### Dataset excerpt
* * * * * * * * *

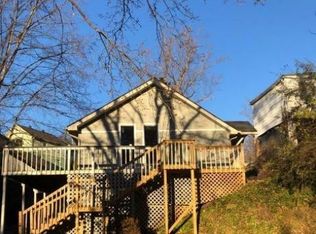 208 Cornell Ave, Hazard, KY 41701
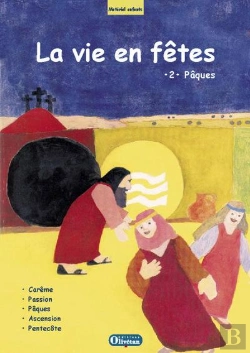 Bertrand.pt - Vie En Fete (La) - Paques : Catechete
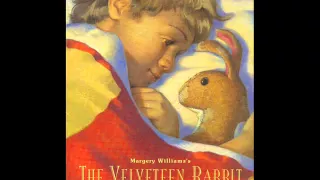 Маргарет Вильямс - Бархатный кролик
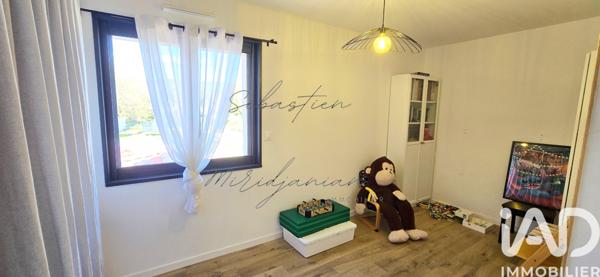 Maison à vendre 5 pièces 157 m² La Crau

* * * * * * * * *

### What to do
The whole listing above is to be printed again exactly; pictures stay out of it.

### Answer to the problem
 208 Cornell Ave, Hazard, KY 41701
 Bertrand.pt - Vie En Fete (La) - Paques : Catechete
 Маргарет Вильямс - Бархатный кролик
 Maison à vendre 5 pièces 157 m² La Crau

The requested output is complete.